Adding the ability to use pattern matching on the right-hand side of an assignment, defined as a stmt
, can be seen as a move towards increasing the gap between assignment that can be used as arg
and those that cannot.
At the same time, when the right-hand side is a command, it behaves similarly, and the command syntax has been in Ruby for a long time. So, one could say it's a characteristic of Ruby's grammar to want to include as many writable things as possible in the arg
rule.
It seems that the technique of writing an assignment as an argument has become widespread among people who participate in code golfing, a sport of writing code as short as possible.
x = cmd 1, 2, 3 # ok
m(x = cmd 1, 2, 3) # SyntaxError
Q6. Should this distinction be maintained? Also, in cases where there is only one argument, like private def m = 1 rescue 2 in 3
, the body can be passed as an argument even if it's not an arg
.
The list of questions¶
- Q1. Is it okay to combine them as follows?
- Q2. The following code does not follow this precedence in either
parse.y
orprism
, so is it correct to say that it's supposed to be interpreted as follows? - Q3. What do you think about limiting assignments with pattern matching to the top level?
- Q4. What can be written in the body of an endless method definition?

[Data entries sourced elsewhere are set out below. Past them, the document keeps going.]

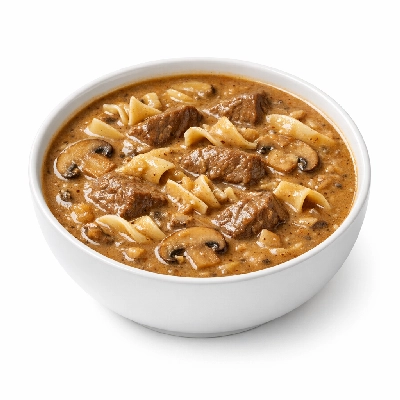 Soup beef stroganoff canned chunky style ready-to-serve
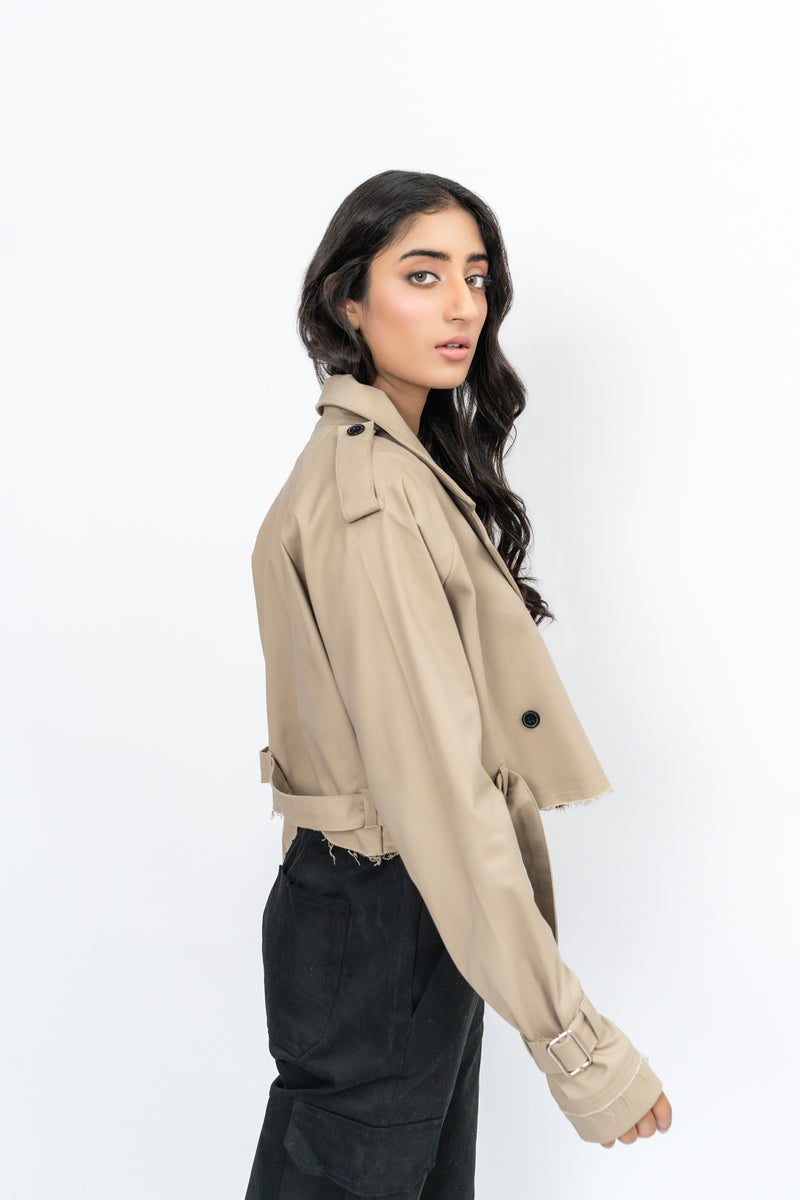 Oversized Cropped Trench Coat - Beige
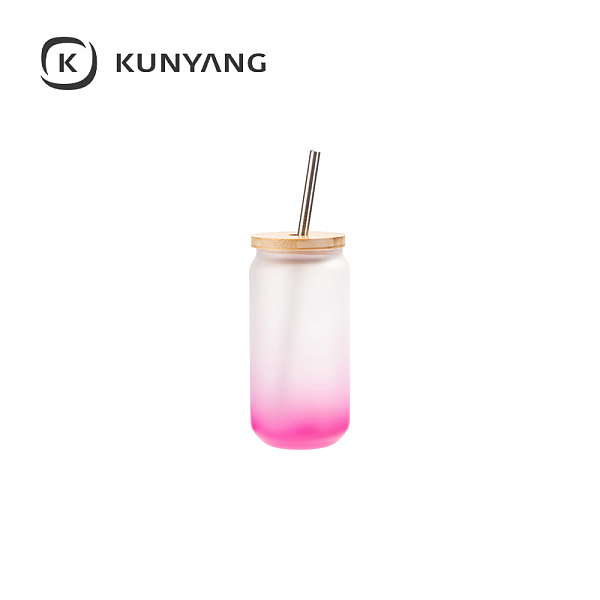 18oz/550ml Glass Mugs with Bamboo Lid Purple
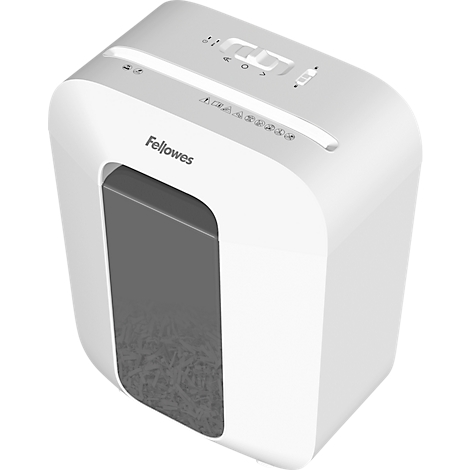 White paper shredder with a gray collection container, control panel on top. "Fellowes" written in front.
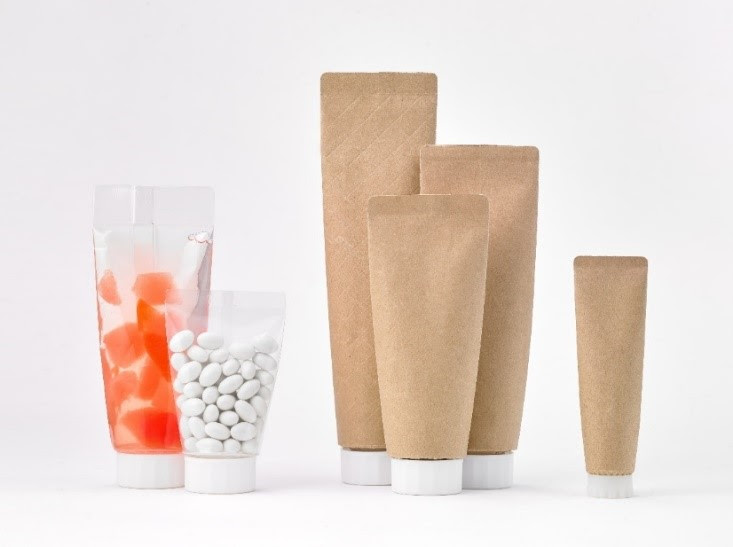 Paper-based material for body of easy to squeeze tube-shaped pouch further reduces plastic volume.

- Q5. In the case of an endless method definition, it uses the same binding method as a normal (non-assignment) case. Should this be left as is?
- Q6. Should this distinction be maintained? Also, in cases where there is only one argument, like
private def m = 1 rescue 2 in 3
, the body can be passed as an argument even if it's not anarg
.
Updated by naruse (Yui NARUSE) 2 days ago
Prism's behavior should be compatible with Ruby 3.3.
Unless a design change is accepted, it should not break a compatibility.
Could you change behaviors showed in this ticket to Ruby 3.3's behavior?
Updated by naruse (Yui NARUSE) 2 days ago
- Backport changed from 3.1: UNKNOWN, 3.2: UNKNOWN, 3.3: UNKNOWN, 3.4: UNKNOWN to 3.1: DONTNEED, 3.2: DONTNEED, 3.3: DONTNEED, 3.4: REQUIRED
Updated by kddnewton (Kevin Newton) about 1 hour ago
Should this now be assigned to prism since there is an incompatibility? Sorry I am not clear on the conclusion.
Updated by alanwu (Alan Wu) 40 minutes ago
matz (Yukihiro Matsumoto) wrote in #note-5:
The behavior of Prism in 3.5 is close to my intention.
Matz.
naruse (Yui NARUSE) wrote in #note-11:
Prism's behavior should be compatible with Ruby 3.3.
Unless a design change is accepted, it should not break a compatibility.
Could you change behaviors showed in this ticket to Ruby 3.3's behavior?
Looks like the behavior for 3.5 is undecided for now. In any case, the behavior for 3.4 should be consistent with 3.3, so it'd be nice to fix Prism's behavior when parsing with 3.4 grammar.